Rawls Scott M, Baron David A, Kim Jae
Department of Pharmaceutical Sciences, Temple University Health Sciences Center, Philadelphia, Pennsylvania 1914, USA.
Behav Pharmacol. 2010 Mar;21(2):161-4. doi: 10.1097/FBP.0b013e328337be10.

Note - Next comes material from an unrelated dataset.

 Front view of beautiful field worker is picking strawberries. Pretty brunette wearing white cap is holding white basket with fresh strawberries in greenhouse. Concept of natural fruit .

beta-Lactam antibiotics enhance cellular glutamate uptake. As increased glutamatergic transmission is a primary mediator of opiate dependence, we tested the hypothesis that a beta-lactam antibiotic (ceftriaxone) prevents development of morphine physical dependence in rats. Morphine (20 mg/kg) was injected twice daily for 10 days to induce physical dependence. Naloxone (10 mg/kg) administration 1, 48, and 96 h after the last morphine injection induced a withdrawal syndrome characterized by the appearance of wet-dog shakes, teeth chattering, eye blinking, jumping, and paw tremor. Ceftriaxone (150, 200 mg/kg) injected once daily during chronic morphine exposure inhibited each naloxone-precipitated withdrawal sign. Ceftriaxone efficacy persisted even after the 96 h-naloxone (10 mg/kg) injection. These results suggest that beta-lactam antibiotics inhibit processes leading to development of morphine physical dependence.
β-内酰胺类抗生素可增强细胞对谷氨酸的摄取。由于谷氨酸能传递增加是阿片类药物依赖的主要介导因素,我们检验了以下假设:β-内酰胺类抗生素(头孢曲松)可预防大鼠吗啡身体依赖性的形成。每天两次注射吗啡(20mg/kg),持续10天以诱导身体依赖性。在最后一次注射吗啡后1、48和96小时给予纳洛酮(10mg/kg),诱发戒断综合征,其特征为出现湿狗样抖动、牙齿打颤、眨眼、跳跃和爪部震颤。在慢性吗啡暴露期间每天注射一次头孢曲松(150、200mg/kg)可抑制每种纳洛酮诱发的戒断症状。即使在注射96小时的纳洛酮(10mg/kg)后,头孢曲松的疗效仍然持续。这些结果表明,β-内酰胺类抗生素可抑制导致吗啡身体依赖性形成的过程。